Apesar de 99% dos brasileiros que usam a internet se conectarem pelo celular, chegar no fim do mês com acesso à internet móvel não é, nem de longe, uma realidade para todos. Uma pesquisa divulgada no fim de 2021 pelo Instituto Brasileiro de Defesa do Consumidor (Idec) e pelo Instituto Locomotiva revela que 45% dos entrevistados das classes C, D e E declararam que ficaram sem pacote de dados no celular ao menos em parte do último mês. A internet, para usuários pré-pago das classes D e E, só dura 19 dos 30 (ou 31) dias do mês.
Para o pesquisador do Laboratório de Políticas de Comunicação, Jonas Valente, isso é um reflexo do modelo brasileiro baseado em franquia, em que há a contratação de um número de gigas específicos e um bloqueio por parte da operadora quando é utilizada a franquia de dados completa. “Em muitas operadoras, quando aquela franquia chega ao fim, ou você tem uma queda de velocidade absurda que praticamente inviabiliza o uso você tem o bloqueio daquele serviço”, destaca.
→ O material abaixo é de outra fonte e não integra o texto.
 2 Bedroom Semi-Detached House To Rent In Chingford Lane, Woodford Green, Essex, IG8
Essa prática dá oportunidade para o crescimento de um modelo guiado pelo chamado zero rating, traduzido livremente como zero tarifa. É um formato que pode se expressar de algumas formas, mas que em geral trata-se da não cobrança do uso de internet para determinados serviços. Ou seja, o uso de determinado aplicativo não é descontado da franquia de dados contratada e, mesmo após o fim dos gigas daquele plano de celular, alguns serviços continuam funcionando, mais conhecido como “apps ilimitados” nos planos oferecidos pelas operadoras. “Como acontece hoje no Brasil? Você contrata um pacote de uma operadora e ele vem com WhatsApp grátis, Deezer grátis, Instagram grátis e, mesmo quando a sua franquia acaba, você continua acessando”, explica Valente.
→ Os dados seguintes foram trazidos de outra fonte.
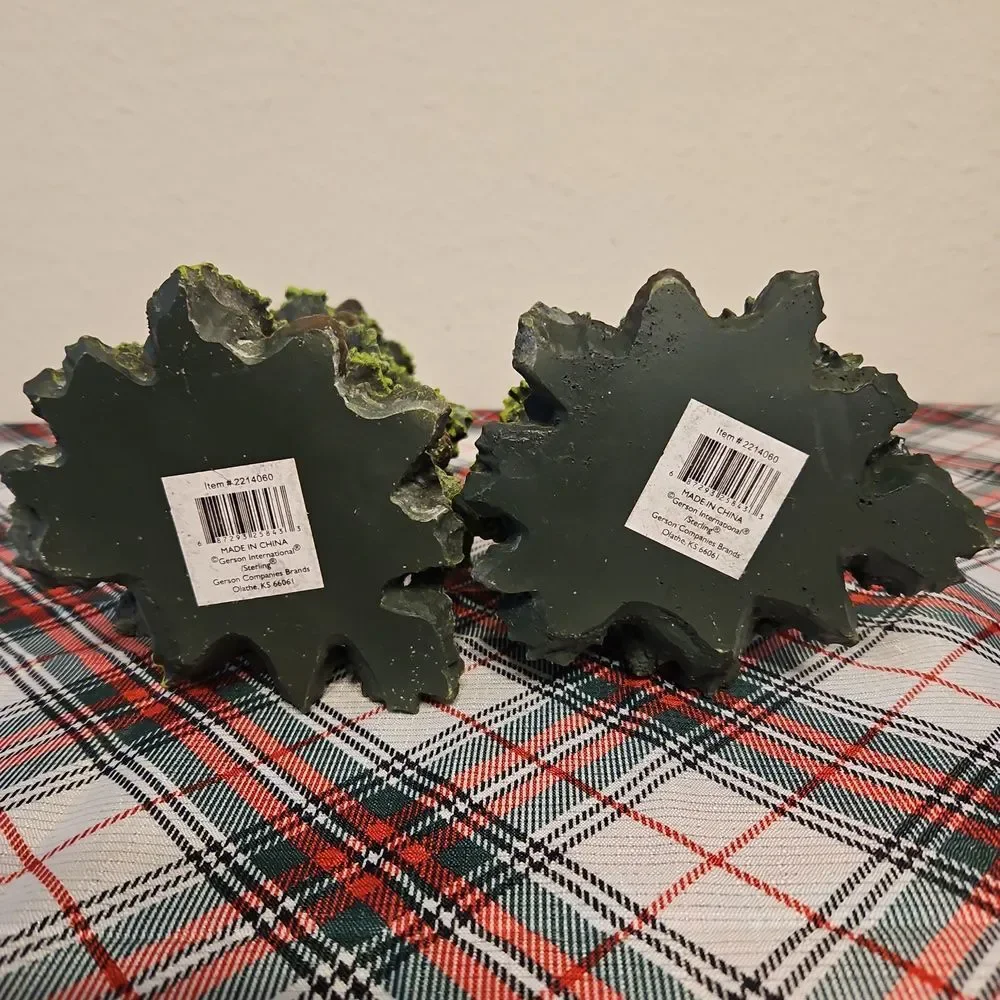 Set Of 2 Elegant Holly & Berry Evergreen Holiday Resin Tree Decor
A pesquisadora do Lapin, Júlia D’Agostini, aponta que esse modelo é colocado como um brinde para o usuário e destaca que há um argumento positivo sobre a questão que indica que dessa forma pelo menos o usuário teria a oportunidade de continuar conectado ainda que não possua mais franquia disponível. “Só que essa visão contraria questões fundamentais da governança da internet e, apesar de viabilizar realmente algumas soluções, deixa de lado muitas questões e principalmente tira do usuário a autonomia de escolher o que ele quer e o que ele pode acessar em uma internet aberta e global”, coloca D’Agostini.
A Conexis Brasil Digital, que reúne as empresas de telecomunicações e de conectividade, informou, por nota, que “as prestadoras de telecom reafirmam entendimento, já expressado pelo Ministério das Comunicações, Anatel, Senacon e pelo Comitê Gestor da Internet no Brasil (CGI.Br), de que a tarifação zero por escolha da prestadora não afronta a garantia da neutralidade da rede, e não faz violações a práticas consumeristas”.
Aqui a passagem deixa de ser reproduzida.